O ano de 2009, que como diria Eça de Queirós, se inaugura tão consumido pelas incertezas da inteligência e tão angustiado pelos tormentos do Dinheiro, prevê-se pleno de expectativas e incertezas. No tumulto da informação, do que se diz, do que se faz, do que se comenta, do que se analisa do dito e do feito, não sei se os portugueses conseguem (ou querem) ver o que realmente se passa ou se contentam com a mais restrita forma de estar que é a de não ver as coisas.
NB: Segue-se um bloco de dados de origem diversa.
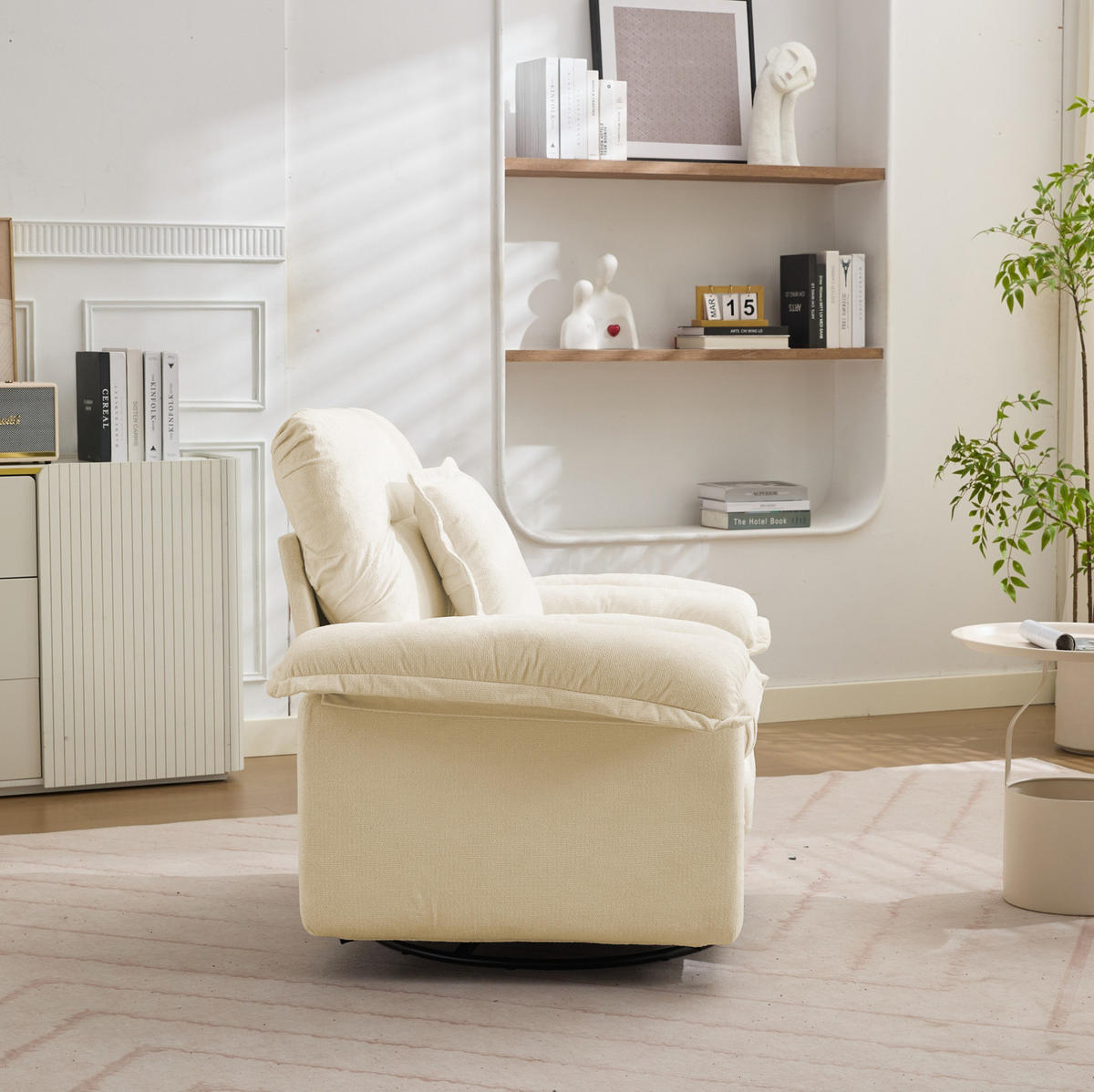 SESSEL 116/84/96 cm Beige aus Upholstered mit 360°-Drehfunktion - Beige, Textil (84/96/116cm) - OKMYHOME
Ou se alguma vez verdadeiramente ambicionaram pôr à prova as forças que regem os acontecimentos.

 

O Estudo de Opinião (Rádio Renascença/Eurosondagem) sobre as expectativas e os receios que 2009 desperta nos portugueses é elucidativo, desconcertante e pouco apazigua as minhas dúvidas.

 

Neste ano que se inicia, 44,4% esperam manter o nível de vida, 29,6% o que mais temem que lhes possa vir a acontecer é ficar desempregado; a medida mais importante que o Governo poderia adoptar em 2009 é, para 29,1%, o combate à criminalidade violenta. Segundo o mesmo estudo, 21,3% consideram que a esquerda está em melhores condições para dar uma resposta à crise e 53,3% gostariam de ver uma alteração de Governo. A crise, essa entidade colossal que paira irremediavelmente sobre nós, surge como o maior receio mas apenas a nível mundial, com uma expressão clara de 54,7%. O consenso parece gerar-se na última pergunta, na crença generalizada quanto ao positivo "efeito Obama" sobre o estado do mundo.

 

Parece que os portugueses já se vêem a si próprios divididos em dois grupos: os empregados e os desempregados. Os primeiros podem sentir-se seguros no meio da tormenta e beneficiam mesmo de uma surpresa extra, com o aumento do rendimento das famílias portuguesas em 2009, apesar da recessão. Os segundos verão o chão fugir-lhes debaixo dos pés sem outro remédio que não o de comprimir o seu nível de vida.

 

Mais difícil de perceber é a escolha do combate à criminalidade como a mais importante medida governamental em 2009. Note-se que mais do que a melhoria do SNS ou a pacificação das escolas, duas questões muito mais críticas e com imediata repercussão no quotidiano e no futuro dos portugueses.

 

A ideia de que a esquerda está em melhores condições para dar resposta à crise, embora errada, tem sido subtilmente veiculada, e ao que parece digerida, quando se atribui a crise ao modelo capitalista e não aos seus excessos, à finalidade do lucro e não à ganância. Mas muitos mais gostariam de ver, em 2009, uma alteração do Governo, talvez um "centrão" securizador.

 

Que pensar? Que os portugueses acreditam que o Governo (este ou outro, pelos vistos) os defenderá de uma crise que, segundo lhes foi dito, é "de fora" e não tem nada a ver connosco? Que apesar de tanta informação acessível, a maioria forma os seus raciocínios e decisões na base de títulos de jornais e rodapés televisivos? Que a coesão nacional e social é algo abstracto, cada um sentindo-se só na frente da sua batalha pessoal?

 

Volto a Eça, mais concretamente ao seu escrito A Catástrofe onde anotei estas extraordinárias passagens: "(Os governos) o que eles não podiam criar era uma alma enérgica ao País! Tínhamos caído numa indiferença, num cepticismo imbecil, num desdém de toda a ideia, numa repugnância de todo o esforço, numa anulação de toda a vontade. Estávamos caquéticos!". "Quando um país abdica assim nas mãos de um Governo toda a sua iniciativa, esperando que a civilização lhe caia feita das secretarias, esse país está mal".

 

Ora bem!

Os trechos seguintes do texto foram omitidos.